Introduction

Nitrogen (N) is recognized as a key nutrient limiting net primary production in most terrestrial and aquatic ecosystems (Vitousek and Howarth 1991). In past decades, anthropogenic activities have altered global N cycle, and substantially increased the rate of N input into ecosystems at regional and global scales (Vitousek et al. 1997; Galloway et al. 2004), especially in Asia (Galloway et al. 2004). Increased N availability has the potential to enhance plant productivity and biomass accumulation (Vitousek and Howarth 1991), and hence affect ecosystem carbon (C) dynamic and global C cycle (Vitousek et al. 1997).

Increased N input could enhance net primary productivity, leading to increased vegetation C pool in most ecosystems (LeBauer and Treseder 2008; Xia and Wan 2008). However, the effect of N enrichment on soil organic C dynamics is inconsistent and remains remarkable uncertain (Neff et al. 2002; Lu et al. 2011). N fertilization caused an increase in soil organic C in some ecosystems (Turunen et al. 2004; Pregitzer et al. 2008) but a substantial decline in other ecosystems (Mack et al. 2004; Khan et al. 2007; Allison et al. 2010). In addition, some studies observed that increased N input to ecosystems had a negligible effect on soil organic C dynamics (Nadelhoffer et al. 1999; Zeng et al. 2010). Therefore, the response of soil organic C to increased N loading may vary with plant species composition and ecosystem types. Moreover, there is limited information on the effect of N addition on soil organic C in wetlands, although similar studies have been widely conducted in forests, grasslands and agricultural lands (Lu et al. 2011). Wetland ecosystems, especially those in mid-high northern latitudes, store a large amount of C in soils and thus play an important role in global C cycle (Post et al. 1982; Gorham 1991). Considering that wetland soils hold much higher C density than other ecosystem types (Post et al. 1982), a better knowledge of the response of wetland soil organic C to N addition is needed to predict how changes in N availability influence soil organic C dynamics in terrestrial ecosystems.
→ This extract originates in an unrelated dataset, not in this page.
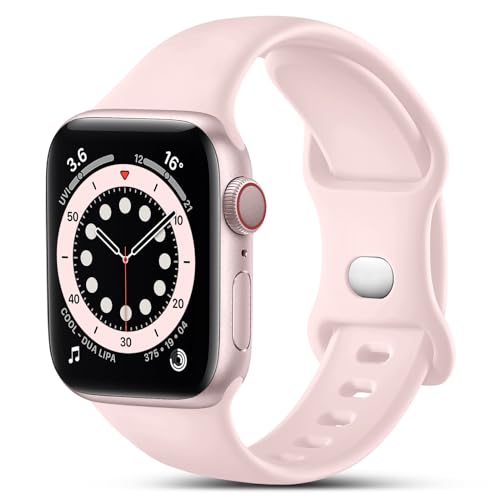 CeMiKa Kompatibel mit Apple Watch Armband 41mm 40mm 38mm, Ersatz Silikon Sport Armbänder Kompatibel mit iWatch Armband Series 9 8 7 6 5 4 3 2 1 SE, 38mm/40mm/41mm-S/M, Hellrosa von CeMiKa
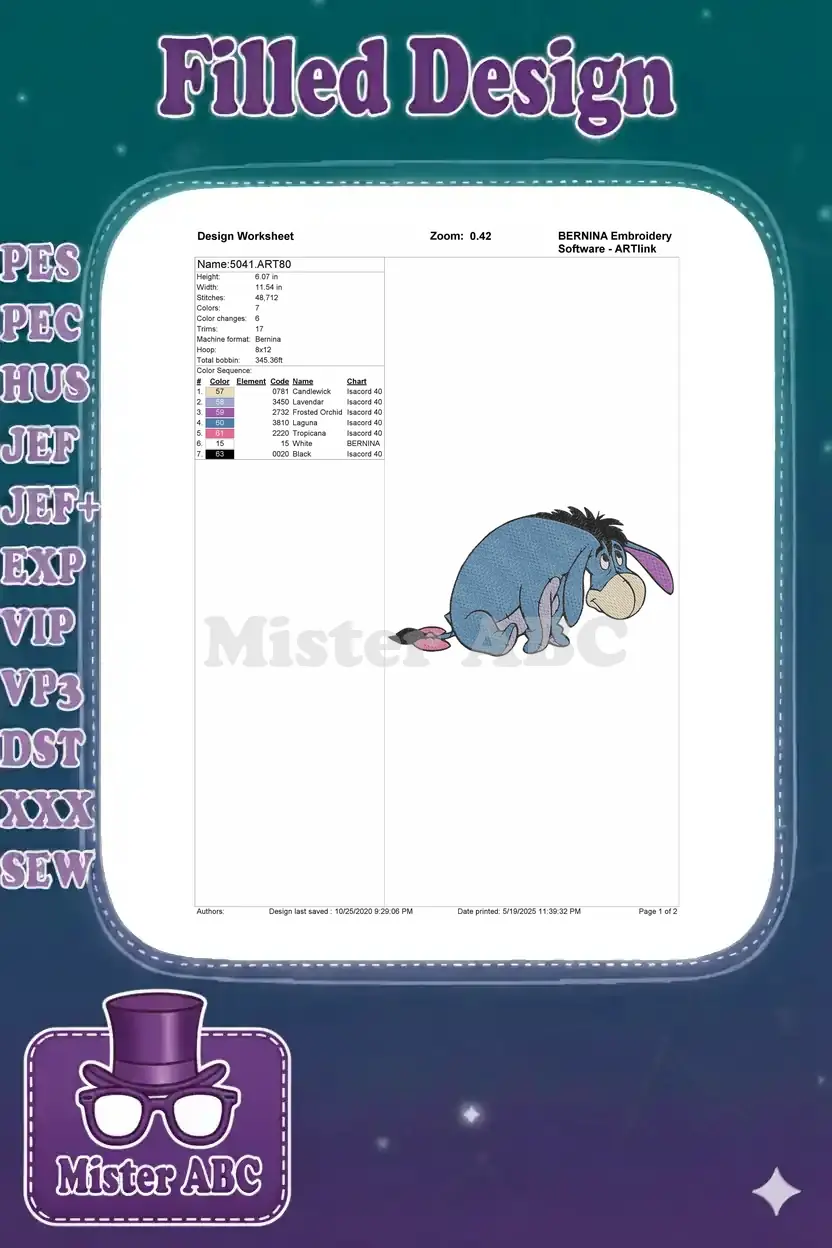 An embroidery design worksheet for Eeyore, detailing dimensions, stitch count, color chart, and design name.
The Sanjiang Plain, formerly the largest freshwater marsh region in China, has been extensively cultivated for agricultural production in the past 50 years (Huang et al. 2010). Due to fertilizer application during agricultural activities, the still uncultivated marshes in this region often receive increasingly exogenous N input (Zhang et al. 2007a, b). In the previous studies, N addition has promoted plant net primary productivity in freshwater marshes in the Sanjiang Plain, Northeast China (Zhang et al. 2007a; Liu and Song 2008). However, the effect of N enrichment on soil organic C is still unclear, given that soil organic C mainly depends on the balance between plant production and organic matter decomposition. Will N enrichment influence soil organic C in freshwater marsh ecosystems? To answer the question, this study investigated soil total organic C (TOC) concentration in a seasonally inundated freshwater marsh after four consecutive years of N addition. For a better knowledge of soil organic C dynamic under N enrichment, the present study also examined the effect of N addition on soil microbial biomass C (MBC), organic C mineralization, metabolic quotient (qCO2) and mineralization quotient (qmC) in this freshwater marsh ecosystem.

Materials and methods

Study site

The study was conducted in a typical seasonally inundated freshwater marsh near the Sanjiang Experimental Station of Wetland Ecology (47°35′N, 133°31′E), which is located in the Sanjiang Plain, Heilongjiang Province, Northeast China. The station is administered by the Northeast Institute of Geography and Agroecology, Chinese Academy of Sciences, and is one of the members of the Chinese Ecological Research Network. Freshwater marsh is the main wetland type in the study site, and Carex lasiocapa and Deyeuxia angustifolia are the dominant species in permanently inundated and seasonally inundated wetlands, respectively. The climate of the study site belongs to the temperate continental monsoon of a seasonal frozen zone, with a mean annual temperature of 2.5 °C, precipitation of 556 mm (about 50 % fall in July and August) and frost-free period of 125 days. The soils of study sites were marsh soil, meadow soil and peat soil, with high soil organic matter content and pH of 5–6.

Experimental design

During autumn 2003, 12 1 m × 1 m plots were established in a D. angustifolia-dominated seasonally inundated freshwater marsh. D. angustifolia-dominated freshwater marsh is one of the main wetland types in the Sanjiang Plain, and occupies approximately 31 % of the wetland area in this region (Zhao 1999). In the study plots, the ground was very flat, and the vegetation was relative uniform. The dominant species in the plots were D. angustifolia and Glyceria spiculosa, which were perennial, cold-temperate mesophytes and accounted for about 90 % of the total aboveground biomass. The soil of the plots was developed from alluvial deposit, and was meadow soil according to the Chinese Classification, or Inceptisols according to the American Classification. Given that all the plots shared similar soil type, microtopography and vegetation, all plots were assumed to have similar soil properties prior to the establishment of this experiment. Before the experiment began, the initial soil TOC concentration, total nitrogen, pH, bulk density and C:N ratio at 0–15 cm layer in the study site were 71.3 mg g−1, 6.4 mg g−1, 5.73, 0.85 g cm−3 and 11.1, respectively.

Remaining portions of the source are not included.